English was late to work on the first day of his new job at the cold strip mill, and continued to
arrive late multiple times over the next few weeks. English was also absent from his shift on
several occasions, and at times did not inform AK Steel of his absence. Over the course of
the next several months, English repetitively arrived late for work, missed entire shifts, and
failed to call-off properly. Zika administered multiple disciplinary actions to English, including
oral and written warnings as well as suspensions.
{¶ 3} When English was at work, he received disciplinary actions for making job-
related mistakes. English also violated safety rules and was disciplined for talking on his cell
phone while driving on company property. On a night in January 2011, a supervisor
observed English sleeping while he was supposed to be training for a new position. The
supervisor called another supervisor over to observe English, and the second supervisor
agreed that English was asleep. English was terminated after an investigation into the
sleeping issue.
{¶ 4} English then filed a suit against AK Steel, alleging that his termination was
motivated by race, and that he was subjected to a racially hostile work environment during his
employ. English claimed that during the time he was employed at AK Steel, black employees
received harsher penalties for infractions, racial slurs appeared on walls, and white
employees were able to violate rules without repercussions.

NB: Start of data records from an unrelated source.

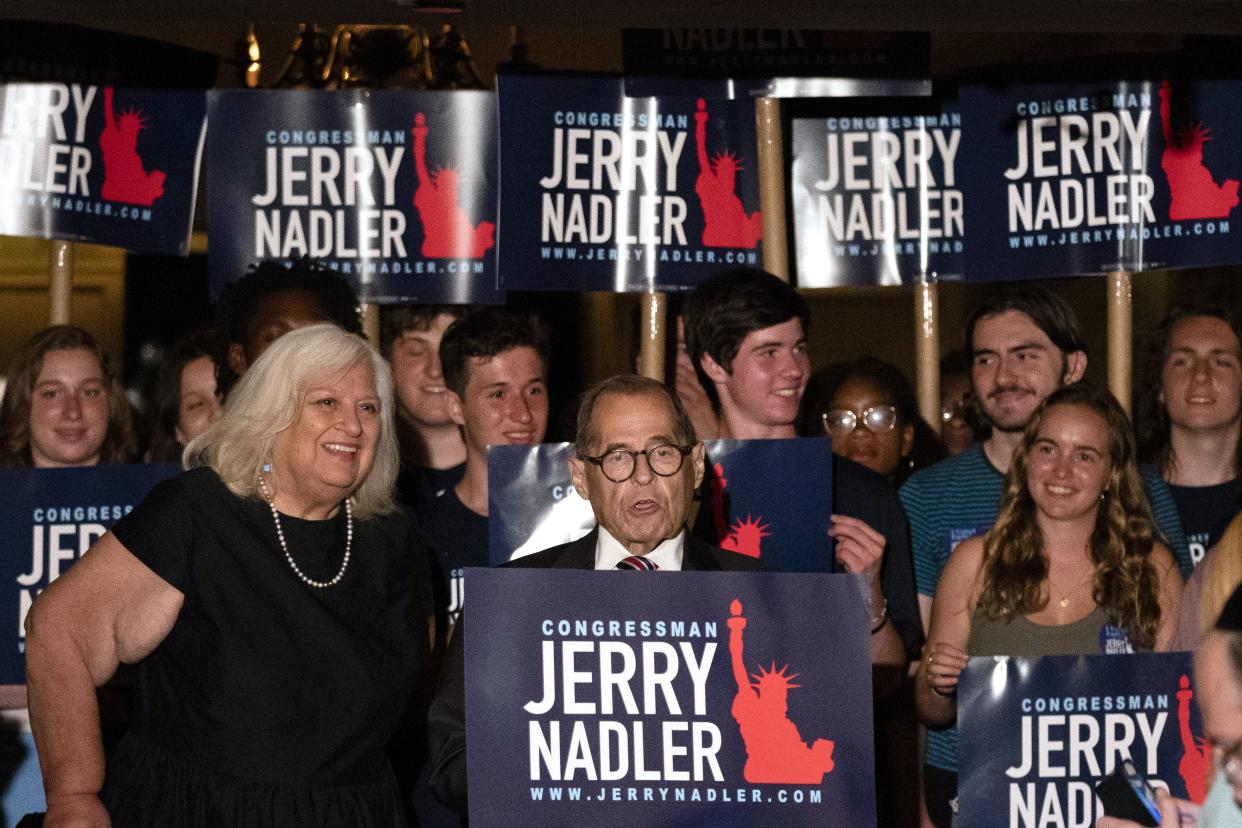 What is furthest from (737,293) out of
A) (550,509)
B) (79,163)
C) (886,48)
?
(79,163)

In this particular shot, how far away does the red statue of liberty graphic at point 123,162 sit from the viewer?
4902 millimetres

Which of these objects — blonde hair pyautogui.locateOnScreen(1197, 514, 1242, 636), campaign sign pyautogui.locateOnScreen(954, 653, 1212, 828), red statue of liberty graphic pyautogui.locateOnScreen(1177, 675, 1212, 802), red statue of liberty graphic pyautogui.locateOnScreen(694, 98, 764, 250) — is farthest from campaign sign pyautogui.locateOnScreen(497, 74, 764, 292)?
blonde hair pyautogui.locateOnScreen(1197, 514, 1242, 636)

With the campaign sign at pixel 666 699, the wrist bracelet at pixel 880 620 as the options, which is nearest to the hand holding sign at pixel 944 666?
the wrist bracelet at pixel 880 620

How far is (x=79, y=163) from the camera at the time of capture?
4875mm

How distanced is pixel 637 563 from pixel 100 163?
2.46 metres

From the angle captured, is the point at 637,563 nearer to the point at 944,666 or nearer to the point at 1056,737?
the point at 1056,737

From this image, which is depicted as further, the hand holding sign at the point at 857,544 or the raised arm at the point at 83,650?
the hand holding sign at the point at 857,544

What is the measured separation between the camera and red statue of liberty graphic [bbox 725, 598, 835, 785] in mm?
2748

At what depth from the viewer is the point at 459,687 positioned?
3086 millimetres

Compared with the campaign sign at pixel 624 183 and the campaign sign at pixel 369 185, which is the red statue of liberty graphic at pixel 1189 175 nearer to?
the campaign sign at pixel 624 183

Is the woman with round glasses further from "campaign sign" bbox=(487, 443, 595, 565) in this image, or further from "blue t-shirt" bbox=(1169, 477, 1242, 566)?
"campaign sign" bbox=(487, 443, 595, 565)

{¶ 5} AK Steel moved for summary judgment following discovery. In support of his
response to AK Steel's motion for summary judgment, English offered two affidavits, one
from himself and one from a former co-worker, both of which were untimely filed. The trial
court found the affidavits inadmissible and noted that even if properly considered, the
affidavits would not have raised any genuine issues of material fact. The trial court then
granted summary judgment in favor of AK Steel on all issues. English now appeals the trial -2- Butler CA2015-11-194
court’s order, raising the following assignment of error:
{¶ 6} THE COURT ERRED IN FINDING THAT APPELLANT DID NOT PROVIDE
EVIDENCE OF DISCRIMINIATION SUFFICIENT TO WITHSTAND SUMMARY JUDMGENT.
{¶ 7} English argues in his assignment of error that the trial court erred in granting
summary judgment in favor of AK Steel.
{¶ 8} This court's review of a trial court's ruling on a summary judgment motion is de
novo. Lindsay P. v. Towne Properties Asset Mgt. Co., 12th Dist. Butler No. CA2012-11-215,
2013-Ohio-4124, ¶ 16. Civ.R.56 sets forth the summary judgment standard and requires that
there be no genuine issues of material fact to be litigated, the moving party is entitled to
judgment as a matter of law, and reasonable minds can come to only one conclusion which
is adverse to the nonmoving party. Slowey v. Midland Acres, Inc., 12th Dist. Fayette No.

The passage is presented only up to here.